• **Exercise instructions**
Filter task. Return each line of the material that holds the string "Pendant".

** Opening Records for this exercise block **

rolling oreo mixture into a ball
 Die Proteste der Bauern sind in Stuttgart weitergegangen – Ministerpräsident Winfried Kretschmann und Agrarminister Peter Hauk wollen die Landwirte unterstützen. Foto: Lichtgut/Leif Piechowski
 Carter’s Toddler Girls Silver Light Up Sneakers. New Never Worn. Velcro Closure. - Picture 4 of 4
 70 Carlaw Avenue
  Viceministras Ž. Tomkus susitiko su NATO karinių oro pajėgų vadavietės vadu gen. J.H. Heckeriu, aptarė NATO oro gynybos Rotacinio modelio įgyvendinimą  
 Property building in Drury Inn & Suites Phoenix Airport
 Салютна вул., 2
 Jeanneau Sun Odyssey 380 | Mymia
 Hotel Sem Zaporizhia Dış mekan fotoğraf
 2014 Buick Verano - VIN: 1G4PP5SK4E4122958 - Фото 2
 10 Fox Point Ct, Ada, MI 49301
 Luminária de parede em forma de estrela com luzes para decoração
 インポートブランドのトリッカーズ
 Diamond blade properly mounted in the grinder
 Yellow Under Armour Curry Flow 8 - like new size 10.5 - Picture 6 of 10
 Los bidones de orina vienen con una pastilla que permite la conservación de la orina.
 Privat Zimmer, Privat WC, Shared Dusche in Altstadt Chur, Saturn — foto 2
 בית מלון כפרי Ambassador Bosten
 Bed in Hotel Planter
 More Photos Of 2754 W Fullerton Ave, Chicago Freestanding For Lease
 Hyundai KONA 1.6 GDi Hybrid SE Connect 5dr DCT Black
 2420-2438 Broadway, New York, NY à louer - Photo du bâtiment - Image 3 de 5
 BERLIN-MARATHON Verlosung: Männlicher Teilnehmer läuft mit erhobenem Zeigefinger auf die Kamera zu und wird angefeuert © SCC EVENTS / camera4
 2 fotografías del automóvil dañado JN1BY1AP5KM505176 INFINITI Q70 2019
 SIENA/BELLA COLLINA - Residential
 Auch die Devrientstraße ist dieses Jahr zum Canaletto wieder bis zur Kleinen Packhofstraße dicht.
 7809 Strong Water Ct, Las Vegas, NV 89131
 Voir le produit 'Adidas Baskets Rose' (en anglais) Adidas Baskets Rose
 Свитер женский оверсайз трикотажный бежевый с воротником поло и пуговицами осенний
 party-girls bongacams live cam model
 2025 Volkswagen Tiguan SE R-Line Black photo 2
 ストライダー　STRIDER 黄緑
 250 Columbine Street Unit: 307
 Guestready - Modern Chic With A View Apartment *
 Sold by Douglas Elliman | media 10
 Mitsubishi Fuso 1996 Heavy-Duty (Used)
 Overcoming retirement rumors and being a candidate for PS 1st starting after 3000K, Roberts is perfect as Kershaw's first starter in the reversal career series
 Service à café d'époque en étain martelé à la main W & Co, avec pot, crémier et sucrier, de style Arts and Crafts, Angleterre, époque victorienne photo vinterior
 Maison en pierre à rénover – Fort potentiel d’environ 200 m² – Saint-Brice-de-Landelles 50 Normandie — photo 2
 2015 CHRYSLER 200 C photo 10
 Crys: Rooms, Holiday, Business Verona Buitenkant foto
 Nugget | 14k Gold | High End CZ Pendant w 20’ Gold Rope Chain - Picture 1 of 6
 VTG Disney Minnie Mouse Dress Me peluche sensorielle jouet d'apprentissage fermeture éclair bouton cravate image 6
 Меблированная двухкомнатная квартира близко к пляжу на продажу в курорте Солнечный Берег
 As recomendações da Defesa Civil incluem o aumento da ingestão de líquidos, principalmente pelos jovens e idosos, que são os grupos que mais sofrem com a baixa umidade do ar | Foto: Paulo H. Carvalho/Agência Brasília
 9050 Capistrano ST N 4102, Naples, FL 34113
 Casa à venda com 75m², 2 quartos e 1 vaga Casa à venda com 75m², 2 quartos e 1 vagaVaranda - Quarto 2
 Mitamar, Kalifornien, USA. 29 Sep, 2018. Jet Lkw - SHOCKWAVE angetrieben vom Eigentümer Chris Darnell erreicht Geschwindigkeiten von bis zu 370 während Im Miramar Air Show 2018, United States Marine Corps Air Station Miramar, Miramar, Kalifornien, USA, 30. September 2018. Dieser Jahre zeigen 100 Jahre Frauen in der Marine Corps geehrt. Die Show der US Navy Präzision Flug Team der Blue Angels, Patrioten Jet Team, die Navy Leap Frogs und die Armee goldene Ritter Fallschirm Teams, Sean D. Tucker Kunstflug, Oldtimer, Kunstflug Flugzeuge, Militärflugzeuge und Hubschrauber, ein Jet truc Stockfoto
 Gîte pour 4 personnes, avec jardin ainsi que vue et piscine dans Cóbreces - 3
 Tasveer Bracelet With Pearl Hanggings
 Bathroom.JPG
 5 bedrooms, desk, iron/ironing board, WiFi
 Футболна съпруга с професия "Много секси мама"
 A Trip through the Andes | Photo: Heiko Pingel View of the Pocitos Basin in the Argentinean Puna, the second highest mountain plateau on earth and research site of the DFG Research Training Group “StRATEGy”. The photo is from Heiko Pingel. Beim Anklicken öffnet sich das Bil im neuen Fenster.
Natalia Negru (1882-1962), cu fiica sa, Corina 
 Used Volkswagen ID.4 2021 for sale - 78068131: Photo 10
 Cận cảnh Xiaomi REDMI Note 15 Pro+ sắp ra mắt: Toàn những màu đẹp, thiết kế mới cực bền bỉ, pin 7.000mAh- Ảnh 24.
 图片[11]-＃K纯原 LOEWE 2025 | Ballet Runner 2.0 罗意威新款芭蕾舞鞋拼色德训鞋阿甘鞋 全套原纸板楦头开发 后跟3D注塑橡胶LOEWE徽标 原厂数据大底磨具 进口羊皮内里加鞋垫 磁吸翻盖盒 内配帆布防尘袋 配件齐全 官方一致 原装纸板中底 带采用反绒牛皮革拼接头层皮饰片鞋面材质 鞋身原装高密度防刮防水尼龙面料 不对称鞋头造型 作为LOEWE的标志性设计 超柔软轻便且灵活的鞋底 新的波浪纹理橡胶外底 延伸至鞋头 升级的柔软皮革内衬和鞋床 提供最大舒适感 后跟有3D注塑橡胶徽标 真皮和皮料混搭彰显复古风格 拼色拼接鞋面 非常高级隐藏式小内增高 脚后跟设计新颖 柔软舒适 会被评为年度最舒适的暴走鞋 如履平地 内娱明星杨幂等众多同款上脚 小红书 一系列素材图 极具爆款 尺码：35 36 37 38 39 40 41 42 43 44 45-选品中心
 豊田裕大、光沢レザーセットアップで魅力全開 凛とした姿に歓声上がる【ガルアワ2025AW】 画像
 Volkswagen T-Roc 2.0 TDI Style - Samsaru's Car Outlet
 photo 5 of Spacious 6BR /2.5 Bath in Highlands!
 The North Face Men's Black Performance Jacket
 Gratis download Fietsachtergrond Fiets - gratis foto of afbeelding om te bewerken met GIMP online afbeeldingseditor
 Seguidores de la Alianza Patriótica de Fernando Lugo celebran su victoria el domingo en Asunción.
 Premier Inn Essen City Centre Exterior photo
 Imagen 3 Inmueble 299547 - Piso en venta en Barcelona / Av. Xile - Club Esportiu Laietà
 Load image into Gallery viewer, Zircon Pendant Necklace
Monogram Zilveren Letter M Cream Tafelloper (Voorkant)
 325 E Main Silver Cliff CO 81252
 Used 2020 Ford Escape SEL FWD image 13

** Closing Records for this exercise block **

• **Task output**
 Nugget | 14k Gold | High End CZ Pendant w 20’ Gold Rope Chain - Picture 1 of 6
 Load image into Gallery viewer, Zircon Pendant Necklace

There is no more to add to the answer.